-- RECORDED INFORMATION follows --
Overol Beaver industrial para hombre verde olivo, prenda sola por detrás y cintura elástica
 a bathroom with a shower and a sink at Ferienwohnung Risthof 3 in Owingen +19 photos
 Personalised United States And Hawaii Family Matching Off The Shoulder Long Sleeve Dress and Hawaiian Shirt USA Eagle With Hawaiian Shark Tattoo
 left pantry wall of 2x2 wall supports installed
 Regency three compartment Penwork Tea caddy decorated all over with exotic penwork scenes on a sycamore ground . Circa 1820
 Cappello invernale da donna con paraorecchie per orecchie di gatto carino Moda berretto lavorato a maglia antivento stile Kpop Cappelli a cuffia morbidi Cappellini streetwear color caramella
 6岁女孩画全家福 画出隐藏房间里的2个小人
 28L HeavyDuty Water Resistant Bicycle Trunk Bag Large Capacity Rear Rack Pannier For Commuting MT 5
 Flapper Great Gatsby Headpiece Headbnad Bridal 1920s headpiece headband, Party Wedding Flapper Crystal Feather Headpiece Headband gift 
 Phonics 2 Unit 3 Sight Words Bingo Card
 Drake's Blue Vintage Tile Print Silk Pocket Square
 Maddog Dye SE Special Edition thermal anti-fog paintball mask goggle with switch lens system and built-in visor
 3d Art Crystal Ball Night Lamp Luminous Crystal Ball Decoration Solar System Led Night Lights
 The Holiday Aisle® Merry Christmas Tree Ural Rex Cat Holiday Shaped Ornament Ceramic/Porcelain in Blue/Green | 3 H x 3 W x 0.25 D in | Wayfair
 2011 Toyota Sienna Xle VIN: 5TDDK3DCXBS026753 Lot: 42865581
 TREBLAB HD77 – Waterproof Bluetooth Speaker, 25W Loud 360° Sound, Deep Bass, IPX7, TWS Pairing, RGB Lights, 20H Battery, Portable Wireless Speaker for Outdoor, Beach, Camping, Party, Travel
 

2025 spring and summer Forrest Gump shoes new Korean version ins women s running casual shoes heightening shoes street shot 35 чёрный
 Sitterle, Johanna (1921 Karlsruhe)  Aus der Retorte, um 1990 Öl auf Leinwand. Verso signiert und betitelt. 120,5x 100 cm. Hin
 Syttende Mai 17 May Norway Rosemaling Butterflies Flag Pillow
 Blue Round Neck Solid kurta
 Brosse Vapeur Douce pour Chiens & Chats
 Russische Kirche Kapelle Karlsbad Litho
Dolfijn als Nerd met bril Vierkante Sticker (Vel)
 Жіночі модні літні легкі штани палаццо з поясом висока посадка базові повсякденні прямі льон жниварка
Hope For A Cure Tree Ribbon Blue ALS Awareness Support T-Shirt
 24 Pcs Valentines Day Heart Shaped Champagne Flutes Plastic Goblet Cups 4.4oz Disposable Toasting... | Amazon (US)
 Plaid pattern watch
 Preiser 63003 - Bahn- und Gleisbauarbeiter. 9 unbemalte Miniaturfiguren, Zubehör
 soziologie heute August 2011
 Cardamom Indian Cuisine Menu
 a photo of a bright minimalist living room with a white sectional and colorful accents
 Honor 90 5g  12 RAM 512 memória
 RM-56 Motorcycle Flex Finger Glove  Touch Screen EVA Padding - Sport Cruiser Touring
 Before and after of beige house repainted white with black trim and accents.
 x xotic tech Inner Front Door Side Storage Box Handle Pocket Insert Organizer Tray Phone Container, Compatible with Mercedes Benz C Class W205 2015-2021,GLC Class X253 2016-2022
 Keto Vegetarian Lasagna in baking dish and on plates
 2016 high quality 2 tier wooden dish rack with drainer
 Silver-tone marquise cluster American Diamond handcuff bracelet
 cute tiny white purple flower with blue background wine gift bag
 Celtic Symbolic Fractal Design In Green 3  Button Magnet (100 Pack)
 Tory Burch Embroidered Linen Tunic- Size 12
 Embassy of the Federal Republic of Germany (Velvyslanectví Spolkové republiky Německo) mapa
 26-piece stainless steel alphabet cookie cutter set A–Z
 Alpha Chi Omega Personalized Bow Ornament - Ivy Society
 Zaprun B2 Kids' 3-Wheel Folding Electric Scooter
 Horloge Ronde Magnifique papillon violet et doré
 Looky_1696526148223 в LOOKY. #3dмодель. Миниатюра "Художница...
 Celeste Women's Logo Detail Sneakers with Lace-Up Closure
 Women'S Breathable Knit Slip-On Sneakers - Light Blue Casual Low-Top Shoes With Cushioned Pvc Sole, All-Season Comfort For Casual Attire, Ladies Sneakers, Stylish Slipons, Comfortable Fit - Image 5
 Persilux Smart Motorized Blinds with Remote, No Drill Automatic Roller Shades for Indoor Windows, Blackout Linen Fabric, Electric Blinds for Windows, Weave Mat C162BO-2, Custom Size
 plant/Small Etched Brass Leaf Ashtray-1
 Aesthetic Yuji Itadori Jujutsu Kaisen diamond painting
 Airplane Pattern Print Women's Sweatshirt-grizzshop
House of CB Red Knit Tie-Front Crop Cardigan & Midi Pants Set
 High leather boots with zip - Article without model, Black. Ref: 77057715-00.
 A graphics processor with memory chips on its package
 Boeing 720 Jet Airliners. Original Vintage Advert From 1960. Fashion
-- RECORDED INFORMATION concluded --
-- WORK ORDER --
Set down exactly the lines beginning at the one that holds "Women'S Breathable Knit" and ending with the last line of the data.

-- SOLUTION FOR THIS TASK --
 Women'S Breathable Knit Slip-On Sneakers - Light Blue Casual Low-Top Shoes With Cushioned Pvc Sole, All-Season Comfort For Casual Attire, Ladies Sneakers, Stylish Slipons, Comfortable Fit - Image 5
 Persilux Smart Motorized Blinds with Remote, No Drill Automatic Roller Shades for Indoor Windows, Blackout Linen Fabric, Electric Blinds for Windows, Weave Mat C162BO-2, Custom Size
 plant/Small Etched Brass Leaf Ashtray-1
 Aesthetic Yuji Itadori Jujutsu Kaisen diamond painting
 Airplane Pattern Print Women's Sweatshirt-grizzshop
House of CB Red Knit Tie-Front Crop Cardigan & Midi Pants Set
 High leather boots with zip - Article without model, Black. Ref: 77057715-00.
 A graphics processor with memory chips on its package
 Boeing 720 Jet Airliners. Original Vintage Advert From 1960. Fashion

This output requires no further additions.